In-story information
- Alter ego: Amanda Mckee
- Team affiliations: Unity Secret Weapons
- Partnerships: Eternal Warrior Ninjak Stronghold X-O Manowar
- Abilities: Ability to interface with and control electrical machines; Limited energy projection; Advanced knowledge of martial arts technique;

= Livewire (Valiant Comics) =

Livewire is a fictional superhero that appears in comic books published by Valiant Comics. Created by Bob Layton and Joe St. Pierre. Livewire first appeared in Harbinger #15 (March 1993). She later played a major role in the Secret Weapons (1993) series.

In the relaunched Valiant Universe, Livewire first appears in Harbinger's first arc. Livewire has been featured in Unity as a founding member since 2013.

==Fictional character biography (Valiant Entertainment)==
===Harbinger Foundation===
A psionic teletechnopath, able to control machines with force of will alone, Amanda McKee was orphaned at a young age, and sent to live in a group home. It was there that billionaire visionary and founder of the Harbinger Foundation, Toyo Harada, discovered her and took her into his care, rescuing her from the abusive environments of her early life. For this Amanda became unfailingly devoted to Harada and his mission. Assuming the name Livewire, Amanda became a star pupil of the Harbinger Foundation, eventually becoming one of Harada's most trusted aides.

All that changed, however, when Peter Stanchek joined the Harbinger Foundation. Faced with a power that nearly equaled his own, Harada's facade of control began to fray and his domineering tendencies became clearer and clearer to Livewire. Still faithful to Harada's vision, but believing that Peter could help balance his immense power, Livewire aided Harada's wayward student in his escape from the Harbinger Foundation and sent herself into exile following her betrayal.

===Unity===
Months later, when Aric of Dacia returned from space as the leader of a freed legion of Vine slaves and claimed Romania as the homeland of his new people, Harada reactivated Livewire and asked her to join his elite strike team, Unity. Utilizing her power to control machines, Livewire was able to strip the X-O Manowar armor from Aric and don it herself - with the intent of handing it over to Harada in turn. With the most powerful weapon in the universe at her command, Livewire easily subdued Aric's people and quickly defused a nuclear strike by rival nations bent on annihilating X-O Manowar.
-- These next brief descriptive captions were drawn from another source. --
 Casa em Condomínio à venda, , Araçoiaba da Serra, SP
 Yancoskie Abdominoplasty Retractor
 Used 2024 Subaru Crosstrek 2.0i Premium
Bonding with the armor, however, unlocked the full potential of Livewire's abilities, giving her full access to the records of the Harbinger Foundation. With all of Harada's darkest secrets now exposed to her, Livewire at last realized the true extent of his evil and quickly marshaled the Unity team against her former mentor.

Now fully expelled from the Harbinger empire, Livewire joined Ninjak in the service of England's MI-6, and traveled to Taiwan to investigate strange happenings related to the mysterious Dr. Silk...
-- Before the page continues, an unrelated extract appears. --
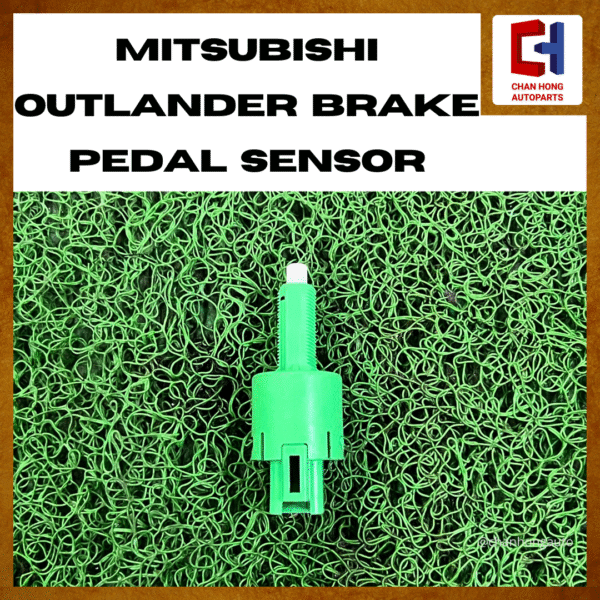 Mitsubishi Outlander Brake Pedal Sensor [F80CS53][Original from Japan][Used] - Image 2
==Fictional character biography (Valiant Comics)==
The original incarnation of Amanda McKee is a Harbinger training at the Harbinger Foundation with her boyfriend, Edward T. Sedgewick. After abandoning the foundation, the two are forced to live on the run in hiding from Toyo Harada. This causes immense strain on their relationship, causing them to separate but remain close friends.

Geomancer Geoff McHenry eventually recruits Amanda and Edward to join his Secret Weapons team. Their time on the team is short lived, as they are deemed to volatile to be among the public, and are surrendered back into the Harbinger Foundation.
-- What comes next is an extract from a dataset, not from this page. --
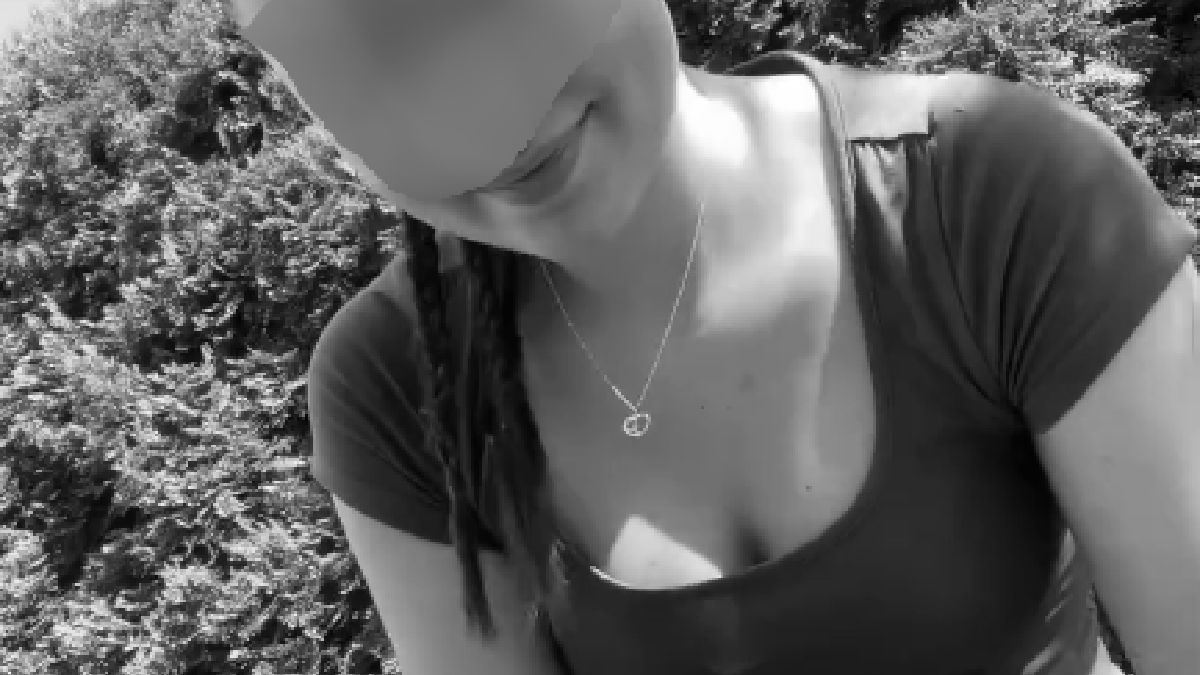 17-letnia Aleksandra chętnie pomagała innym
Once again under control of the foundation, Amanda undergoes a lobotomy that alters her being, turning her into a devout warrior that joins Toyo Harada and helps him fulfill his dream of a new world order. The operation also causes Amanda to lose her memory of her relationship with Edward.

==In other media==
===Web series===
Livewire appears in the web series Ninjak vs. the Valiant Universe portrayed by Ciera Foster.